Invoering Welzijn Nieuwe Stijl binnen de organisatie
De interesse om deze publicatie over Welzijn Nieuwe Stijl te gaan schrijven, is gekomen naar aanleiding van een onderzoek. Dit onderzoek heb ik gedaan in het kader van mijn afstuderen, het onderzoek vond plaats bij een welzijnsorganisatie. Het gehele proces, met betrekking tot het afstuderen, heb ik samen met Lieke de Kok en Aydan van Marrewijk doorlopen. Binnen deze welzijnsorganisatie waren ze bezig met het implementeren van Welzijn Nieuwe Stijl, alleen was het implementeren van Welzijn Nieuwe Stijl gestagneerd. Naar aanleiding van deze stagnatie, hebben wij[3] een onderzoek gedaan hoe het management en het Algemeen Maatschappelijk Werk team in samenwerking Welzijn Nieuwe Stijl binnen het team kan implementeren. Het belangrijkste bij een stagnatie is, om eerst te gaan kijken waar de implementatie is gestagneerd. Daarom is het van groot belang om informatie in te winnen bij de verschillende partijen. Voor het inwinnen van informatie zijn de volgende data-verzamelingsmethode ingezet, interviews en enquêtes. Uit deze informatie bleek, dat het management en het team niet meer met elkaar in dialoog waren. Als dialoog wordt gezien een gesprek tussen twee of meerdere mensen, over het onderwerp Welzijn Nieuwe Stijl. In dit geval was de dialoog stilgevallen over het onderwerp Welzijn Nieuwe Stijl, maar een dialoog kan over allerlei onderwerpen stilvallen. Voor het invoeren van een nieuwe methode, nieuwe werkwijze, is het van groot belang dat er een dialoog plaatsvindt tussen de verschillende partijen. Zonder dialoog kan je niets invoeren! Door middel van een dialoog, kom je achter elkaars verwachtingen, daarnaast kan je door een dialoog leren van elkaar.

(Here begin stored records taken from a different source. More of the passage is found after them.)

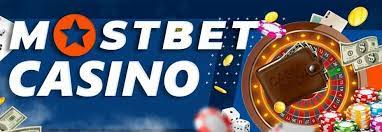 Mostbet Nepal Firm Details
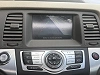 Nissan Murano 2.5 dCi All-Mode 4x4 BVA thumbnail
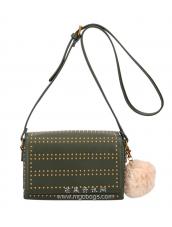 pic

Een stagnatie binnen het implementeren van Welzijn Nieuwe Stijl, is een probleem wat breder getrokken kan worden. Er zijn steeds meer welzijnsorganisaties, die moeten gaan werken volgens de Wmo, dus indirect volgens Welzijn Nieuwe Stijl. Door de invoering van de Wmo wordt er ook een andere manier van werken, vanuit de gemeente gevraagd aan welzijnsorganisaties. Welzijnsorganisaties moeten goedkoper, effectiever en efficiënter gaan werken. Hierdoor ontstaat er een marktwerking binnen de welzijnsorganisaties. De gemeente vraagt een dienst, voorbeeld: zoveel mogelijk cliënten benaderen, aan de welzijnsorganisaties de taak om aan deze dienst te voldoen, door middel van een goedkoop, effectief en efficiënt plan neer te zetten. Verschillende welzijnsorganisaties brengen een product in bij de gemeente, de gemeente kiest dan de goedkoopste, effectieve en efficiënte product, om zijn dienst te laten verwezenlijken. Om terug te komen op het voorbeeld, om zoveel mogelijk mensen te benaderen, is het van groot belang om outreachend te gaan werken. Dit is gericht op één van de acht bakens van Welzijn Nieuwe Stijl, om precies te zijn gaat het hierover baken 3: Direct eropaf! Dit betekent dat als je gaat werken volgens Welzijn Nieuwe Stijl, je ook kan voldoen aan de eisen die door de gemeente worden gesteld. En dit betekent uiteindelijk, dat je opdrachten eerder vanuit de gemeente toegewezen krijgt naar jouw welzijnsorganisatie. Voldoe je niet aan de eisen die door de gemeente worden gesteld, is de kans groot dat opdrachten bij een andere welzijnsorganisatie worden ondergebracht, die wel kunnen voldoen aan de gestelde eisen. Belangrijk hierbij is om als welzijnsorganisatie door middel van een dialoog, te gaan kijken naar de eisen die gesteld worden door de gemeente. Door middel van een dialoog kan je ook voldoen aan de verwachtingen/eisen die door de gemeente gesteld worden. In dialoog kan je als management en team, dan je strategie gaan bepalen. Waar willen we uiteindelijk samen terecht komen. Om als welzijnsorganisatie te kunnen blijven bestaan, is het van groot belang om gezamenlijk één doel na te streven.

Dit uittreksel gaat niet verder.